In This Issue

In This Issue

First published online:

| DOI: https://doi.org/10.1363/471277

Many young adults do not receive recommended testing for bacterial STDs, and while evidence is scarce, it is reasonable to think that testing rates are particularly low among sexual minority young people. In this issue of Perspectives on Sexual and Reproductive Health, Annie-Laurie McRee and colleagues report that home-based testing may be a promising approach for screening nonheterosexual young adults (see article). In a national sample of 18–26-year-olds who identified themselves as gay, lesbian or bisexual, the investigators found that three-quarters would be willing to use a test that required them to collect a urine sample or genital specimen and mail it off to a doctor for testing. Among characteristics examined as possible correlates of willingness to use such a test, only one was significant for both men and women: Having had multiple partners in the past year was associated with elevated odds of expressing willingness to use a home-based test. The most common concerns that participants voiced about a home-based test were that it might not be accurate and that they might not do it correctly; smaller, but still substantial, proportions said that they would rather be tested by a doctor.

McRee and colleagues note that the flexibility of home-based STD testing "may increase access for populations that may not otherwise use sexual health services." More work, they add, is needed to assess how to address sexual minority young adults’ concerns about this testing strategy, the best ways to offer it and its impact on screening rates.

Also in This Issue

• In a study of women who sought to terminate unwanted pregnancies, Jane Mauldon and coauthors report (see article), only about one-third were still in a romantic relationship with the man involved in the pregnancy two years later. The proportion did not differ between those who obtained an abortion and those who were denied the procedure because they had passed the facility's gestational age limit, although giving birth appeared to slow the pace at which romantic relationships ended. The analyses, based on data from the Turnaway Study, which followed women who sought abortions at 30 U.S. facilities in 2008–2010, revealed no difference in relationship quality between those who had abortions and those who gave birth. According to the authors, their findings suggest that "most…children born as a result of women's limited access to abortion will not be cared for by two romantically involved parents."

• Short and long intervals between pregnancies are associated with poor perinatal and maternal outcomes. Yet in an analysis of data from three rounds of the National Survey of Family Growth, Keely Chestack-Postava and Alix S. Winter found that nearly one-third of pregnancies that followed intervals of less than 12 months, and nearly half of those that followed intervals of more than 60 months, occurred at what the women considered the "right time" (see article). Short and long interpregnancy intervals were associated with both biological and socioeconomic characteristics, but some correlates of short intervals appeared only for well-timed pregnancies.

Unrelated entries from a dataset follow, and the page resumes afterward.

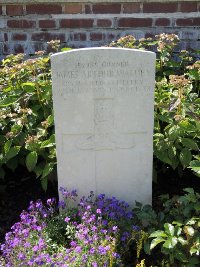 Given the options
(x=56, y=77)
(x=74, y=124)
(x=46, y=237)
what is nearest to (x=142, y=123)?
(x=74, y=124)

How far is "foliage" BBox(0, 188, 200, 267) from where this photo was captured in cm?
246

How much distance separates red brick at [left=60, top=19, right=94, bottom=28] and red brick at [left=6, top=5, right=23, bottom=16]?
16.1 inches

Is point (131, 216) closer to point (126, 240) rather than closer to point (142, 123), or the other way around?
point (126, 240)

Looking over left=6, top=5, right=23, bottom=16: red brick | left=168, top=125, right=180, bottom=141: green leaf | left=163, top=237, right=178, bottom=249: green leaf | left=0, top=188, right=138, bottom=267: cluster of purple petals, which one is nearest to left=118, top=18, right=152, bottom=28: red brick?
left=6, top=5, right=23, bottom=16: red brick

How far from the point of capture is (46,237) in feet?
8.77

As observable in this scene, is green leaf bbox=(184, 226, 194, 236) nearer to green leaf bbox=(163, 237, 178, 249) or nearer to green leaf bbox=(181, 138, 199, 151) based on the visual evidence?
green leaf bbox=(163, 237, 178, 249)

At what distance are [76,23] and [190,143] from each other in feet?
6.18

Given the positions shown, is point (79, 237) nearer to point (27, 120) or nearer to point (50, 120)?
point (50, 120)

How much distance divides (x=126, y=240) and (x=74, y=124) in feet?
2.54

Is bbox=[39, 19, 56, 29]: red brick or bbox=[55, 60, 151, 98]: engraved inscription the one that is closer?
bbox=[55, 60, 151, 98]: engraved inscription

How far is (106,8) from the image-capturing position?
4.29 meters

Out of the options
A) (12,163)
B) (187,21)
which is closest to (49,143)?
(12,163)

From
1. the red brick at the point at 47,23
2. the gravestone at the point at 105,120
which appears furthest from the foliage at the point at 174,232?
the red brick at the point at 47,23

The authors suggest that future work build on theirs to develop a "more nuanced" understanding of pregnancy timing and intention, and to identify subgroups at risk for extremely short or long interpregnancy intervals.

• Cohabiting young adult couples are less likely than those who are dating not only to use condoms, but also to use hormonal or long-lasting contraceptive methods, according to Elizabeth Wildsmith et al., who analyzed data from the romantic pair subsample of the National Longitudinal Study of Adolescent Health (see article). The analyses revealed multiple associations between relationship characteristics and contraceptive use patterns; however, associations differed according to relationship type and contraceptive method type. Notably, for dating couples, several characteristics reflecting both positive and negative aspects of relationships were linked to condom use. For cohabiting couples, by contrast, frequency of sex was the only relationship quality measure that was significant, showing associations with both method types. The results, according to the researchers, point up the need to study method use within the context of relationships, and to consider both positive and negative relationship characteristics.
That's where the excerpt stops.